__What you need to do__
Below is a listing; repeat exactly the lines from the one containing "昭和レトロ　動作品　シチズン CITIZEN アラーム付　置時計　スペースエイジ" to the one containing "BK+GD 80W Акриловая", both included.

__Extracted information__
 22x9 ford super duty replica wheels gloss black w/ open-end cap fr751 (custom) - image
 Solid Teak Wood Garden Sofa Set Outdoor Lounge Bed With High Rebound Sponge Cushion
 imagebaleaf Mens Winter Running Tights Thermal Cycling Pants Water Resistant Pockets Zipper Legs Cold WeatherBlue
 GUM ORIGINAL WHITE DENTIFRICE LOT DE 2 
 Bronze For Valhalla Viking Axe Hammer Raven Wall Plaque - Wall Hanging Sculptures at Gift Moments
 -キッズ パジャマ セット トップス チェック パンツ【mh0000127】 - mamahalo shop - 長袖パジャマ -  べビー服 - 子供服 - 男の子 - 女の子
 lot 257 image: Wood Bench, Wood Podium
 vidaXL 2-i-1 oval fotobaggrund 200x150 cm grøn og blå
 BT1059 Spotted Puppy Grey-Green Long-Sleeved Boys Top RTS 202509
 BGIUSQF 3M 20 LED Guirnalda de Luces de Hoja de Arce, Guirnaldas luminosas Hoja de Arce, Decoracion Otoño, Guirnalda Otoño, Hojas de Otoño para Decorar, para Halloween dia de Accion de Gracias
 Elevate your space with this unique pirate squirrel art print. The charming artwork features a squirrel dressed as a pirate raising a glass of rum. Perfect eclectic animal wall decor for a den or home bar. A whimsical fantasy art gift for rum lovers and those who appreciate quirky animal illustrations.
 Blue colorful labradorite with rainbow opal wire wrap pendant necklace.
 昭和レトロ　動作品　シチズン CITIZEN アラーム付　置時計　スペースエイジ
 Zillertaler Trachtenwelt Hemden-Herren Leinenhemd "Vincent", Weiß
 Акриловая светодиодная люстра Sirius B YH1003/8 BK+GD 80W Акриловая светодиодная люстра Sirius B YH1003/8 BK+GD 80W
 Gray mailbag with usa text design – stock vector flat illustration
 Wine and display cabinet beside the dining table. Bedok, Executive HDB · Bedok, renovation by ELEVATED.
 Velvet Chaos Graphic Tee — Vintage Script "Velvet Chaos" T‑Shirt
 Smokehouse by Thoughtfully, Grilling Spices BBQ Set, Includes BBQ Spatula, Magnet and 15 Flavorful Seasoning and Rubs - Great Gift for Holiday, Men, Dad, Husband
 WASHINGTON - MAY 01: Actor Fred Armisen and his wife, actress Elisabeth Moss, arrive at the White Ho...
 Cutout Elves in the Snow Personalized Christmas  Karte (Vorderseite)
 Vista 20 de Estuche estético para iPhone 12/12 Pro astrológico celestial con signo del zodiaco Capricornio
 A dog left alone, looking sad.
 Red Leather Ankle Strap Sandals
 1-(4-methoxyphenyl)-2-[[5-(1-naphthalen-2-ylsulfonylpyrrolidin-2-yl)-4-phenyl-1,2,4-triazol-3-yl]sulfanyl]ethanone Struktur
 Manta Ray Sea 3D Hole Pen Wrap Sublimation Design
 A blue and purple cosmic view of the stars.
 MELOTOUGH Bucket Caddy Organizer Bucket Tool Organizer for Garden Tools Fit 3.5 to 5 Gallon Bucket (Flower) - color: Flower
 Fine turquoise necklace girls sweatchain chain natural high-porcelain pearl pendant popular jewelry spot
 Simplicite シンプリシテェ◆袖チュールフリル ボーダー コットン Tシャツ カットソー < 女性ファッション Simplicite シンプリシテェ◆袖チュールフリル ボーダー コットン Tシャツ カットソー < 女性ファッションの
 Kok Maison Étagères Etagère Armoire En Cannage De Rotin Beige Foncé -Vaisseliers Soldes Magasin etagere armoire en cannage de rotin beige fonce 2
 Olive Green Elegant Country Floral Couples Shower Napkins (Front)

__Task response__
 昭和レトロ　動作品　シチズン CITIZEN アラーム付　置時計　スペースエイジ
 Zillertaler Trachtenwelt Hemden-Herren Leinenhemd "Vincent", Weiß
 Акриловая светодиодная люстра Sirius B YH1003/8 BK+GD 80W Акриловая светодиодная люстра Sirius B YH1003/8 BK+GD 80W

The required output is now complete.